# Buying oxy and oxygen



## fred55 (25 May 2016)

An old friend of mine has an oxyacetylene gas welder with hoses and torches in his garage and has offered it to me! could any one give an idea of cost to get the tanks refilled I know the oxygen is has run out. British gas only seem to rent out there own bottles, for my usage its not worth a regular rental payment. I weld only occasionally in my home workshop. Or should I keep with the stick welder.


----------



## mind_the_goat (25 May 2016)

Look to see if there is a Hobbyweld supplier in your area.
If you think you might want to braze or cut (if you have the right torch) then gas system will be useful. If it is just for the occasional weld then there may be no advantage, and another skill to learn before you can use it. A lot may depend on how well you get on with your current welder.


----------



## pcb1962 (25 May 2016)

fred55":1soo67tq said:


> An old friend of mine has an oxyacetylene gas welder with hoses and torches in his garage and has offered it to me! could any one give an idea of cost to get the tanks refilled I know the oxygen is has run out. British gas only seem to rent out there own bottles, for my usage its not worth a regular rental payment. I weld only occasionally in my home workshop. Or should I keep with the stick welder.



Look at http://www.albeegascylinders.com/ for rent-free cylinders


----------



## woodpig (26 May 2016)

Might be worth checking with your insurance company to see if you're covered as you don't want to be uninsured if the worst happens.

This cylinder went up only a few minutes after a flashback, not the several hours we were told when I last worked in a garage.

http://www.benier.co.uk/Health_Safety/S ... NDG327.pdf


----------



## graduate_owner (26 May 2016)

If you are concerned about the risks associated with acetylene then you could use oxygen in conjunction with propane as a convenient source of heat for freeing siezed parts, brazing, cutting steel etc but not for welding as the flame is not hot enough. You would need a different torch from oxy acetylene though. Hobby weld gas is dearer than BOC etc volume for volume but as you know there is a rental charge. Hobbyweld will charge you a deposit ( refundable, but they may keep 10% or so) plus the cost of the gas. I recently paid about £115 for a medium sized bottle of argoshield, I suspect oxygen would be similar.
So overall the bottles may be of no use ( once empty) , and the torch may not be suitable ( although you may just need a new nozzle). Also I think you will need a different hose for propane, which leaves just the oxy hose and flashback arrestor, plus the torch with replaced nozzle - not a great deal really.

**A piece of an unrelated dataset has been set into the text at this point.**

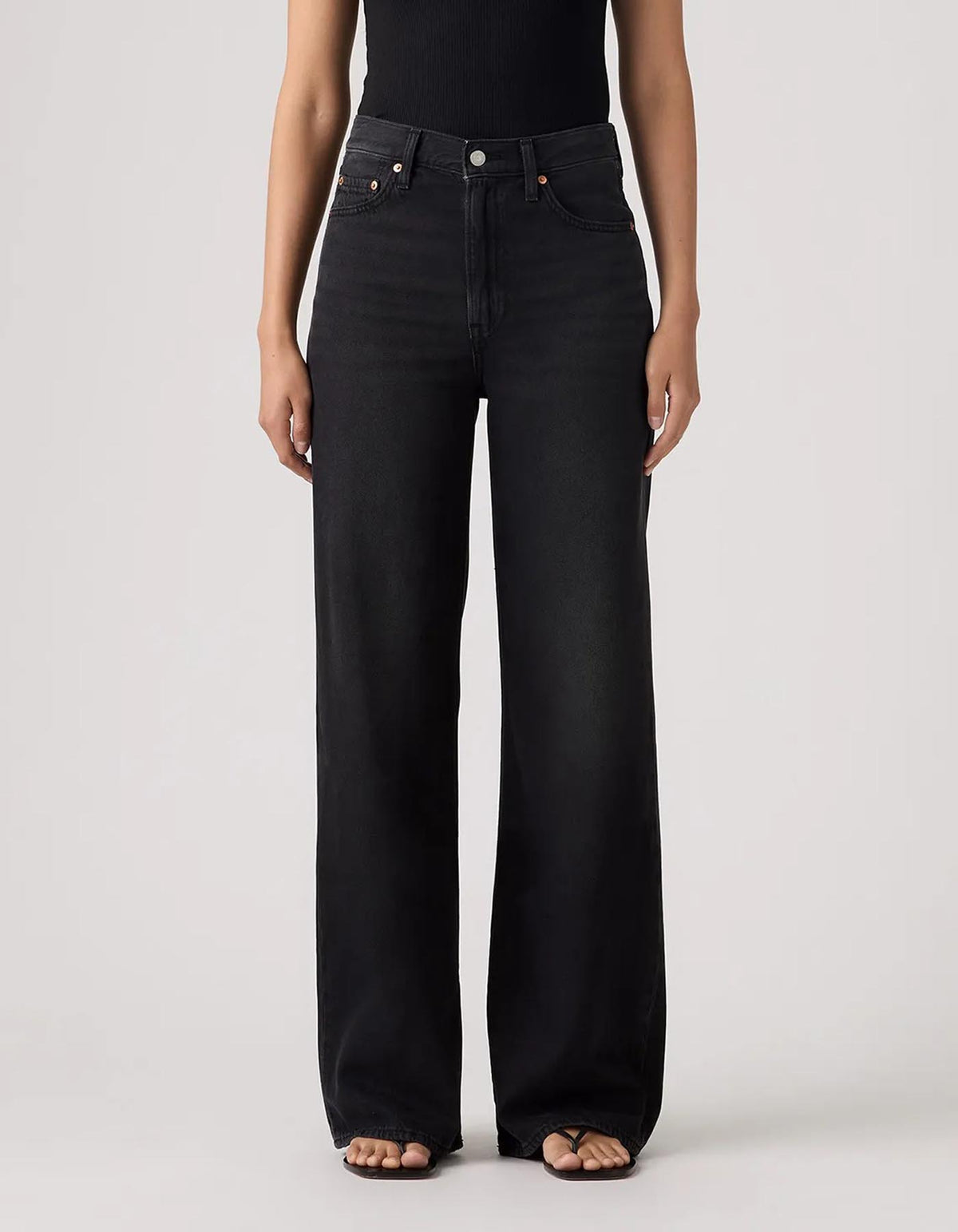 Jean Levis Mujer Ribcage Wide Leg 236036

HOWEVER - you may be able to get the existing bottles refilled. BOC etc have tried to stop people from having unregistered ( and therefore un-rented) bottles but some suppliers may still refill (actually swap empty for full for the cost of thd gas), it depends on the supplier and 'helpful' suppliers are becoming increasingly scarce. 

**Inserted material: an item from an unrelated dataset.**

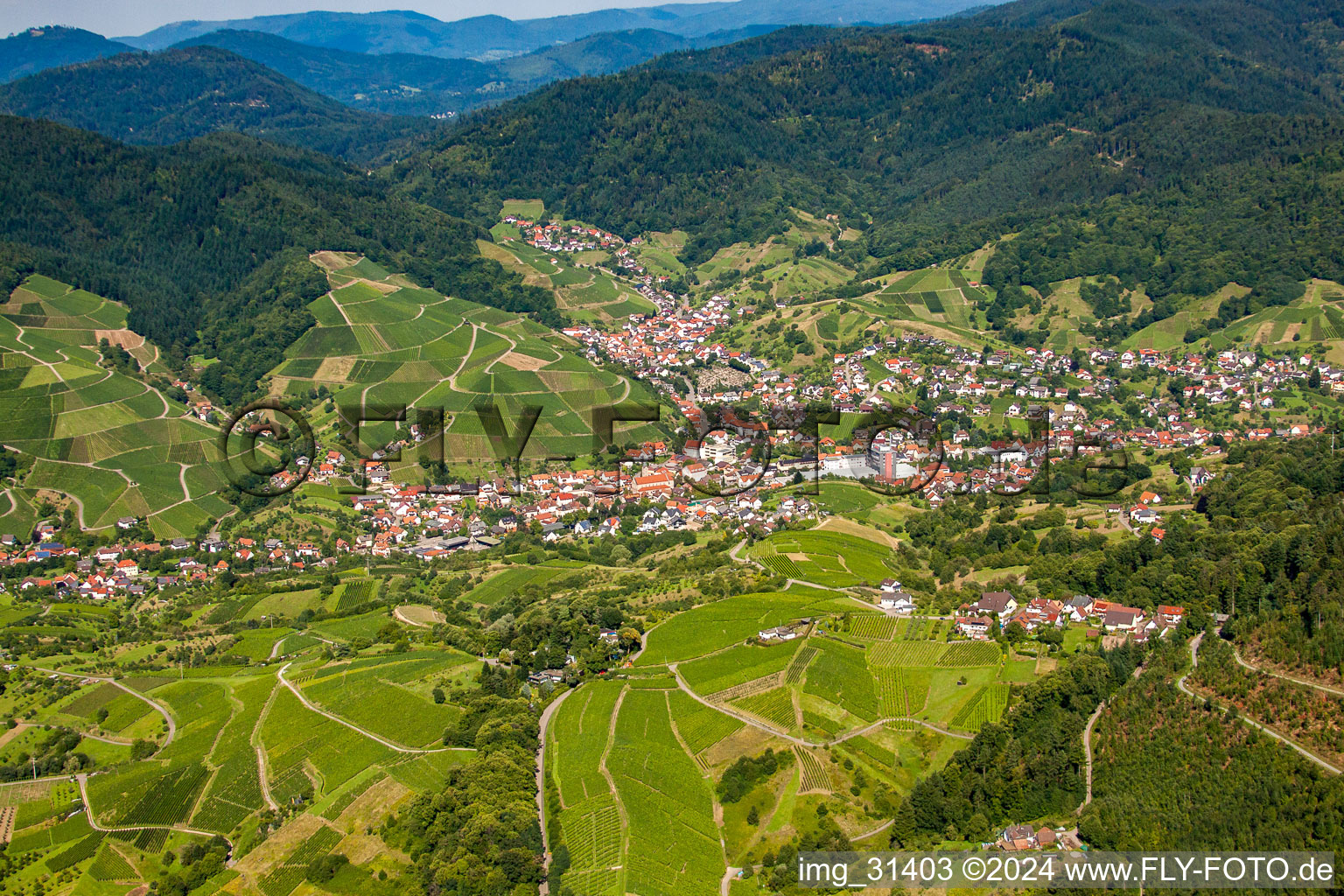 Kappelwindeck in the district Riegel in Bühl in the state Baden-Wuerttemberg, Germany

Finally, it is illegal to have these bottles unless the they are formally rented. They do not belong to anyone other then the company.

K


----------



## fred55 (28 May 2016)

Thanks for replies - they have been helpful - and yes it is increasingly difficult to get refilled big bottles the direct way. The only way I found was to ask a friend into steel fabrication and he would exchange his full for my empty done as a favour but to return them back to him once empty. Sound a little underhand and I would not like to take advantage of a friend. The sound of the hobbyweld sound more suited to my use. It my be a case of the Green Eyes must have it new tool collection syndrome that I seem to suffer from.


----------



## Keith 66 (30 May 2016)

As has been said before, the bottles are Boc property & are rented. They have tightened up to the point it really isnt worth trying to have them refilled. Unless you really need oxy acetylene it isnt worth the hassle. Most people today use Mig welders & the price of Tig gear has come down considerably. Shielding gas is expensive if you are commecial. There are several choices for the diy or small volume user, If going the BOC route try & get on the volkszone deal, this brings the cost down about 50%. Or you can go the air products route with their Albee bottles, no rental as you buy outright so more expensive in the long run.


----------



## Hitch (30 May 2016)

Not sure about BOC, but the other main suppliers use bar coded cylinders, to try and prevent the two bottle shuffle. 
Not worth the grief to be honest, unless you plan to do brazing/silver soldering...
As above, your insurance may well not allow storage of industrial gas cylinders...especially acetylene.


----------